Another difficulty encountered was the use of colour scales. Using the same colour scale on both the 2D map and the comparison view lead to confusion as the colour of each country changes between the views. Instead, a new colour scale was adopted for the comparison view. This may still lead to confusion but it should show that each country is assigned a new colour based on how it compares to the other country in the comparison.
The Mercator projection also distorts the shape of some countries, making them appear smaller or larger than they should. The 2D map allows the user to zoom in and out, helping to show smaller countries that may be difficult to distinguish initially. When the user clicks on a country the map will also be oriented and zoomed so that the selected country is clearly in focus.
According to the reasoning and rationalizations for this design, this visualization should be effective at giving both an overview of the data as well as an in-depth comparison between two countries that the user selects. This visualization attempts to reach its aim to provide people interested in information security with information regarding their governments’ interest in content and information generated by its citizens. It also makes it clear which country’s governments make an abnormally high amount of requests to obtain or remove their citizens data, and in turn, create awareness about information security issues.
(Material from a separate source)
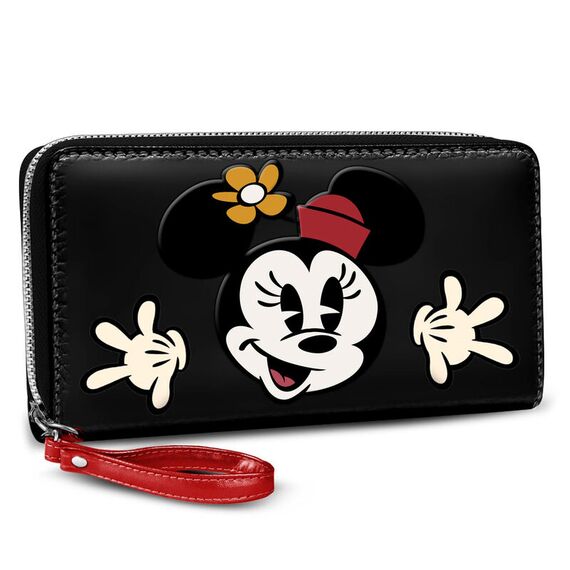 Portfel Disney Minnie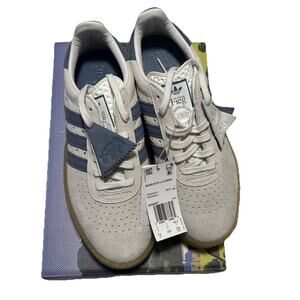 Kith x Adidas x Clarks Elevation Ronnie Fieg Size 7.5 Leather Suede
While the implementation of this design is not complete and the design itself is not perfect. This leaves room to improve the visualization as an avenue for for future work. Another avenue of research might involve creating and calibrating a method of scoring countries based on their user data and takedown requests. This would be useful as a standardised measure of government data requests to rank countries.
A potential future project that we are quite excited about is converting the full implementation of the comparison panel into an API. We feel that the design as a comparative tool is good, and need not be restricted to only the transparency report data. The comparison view could be used to compare any two things with sufficient data.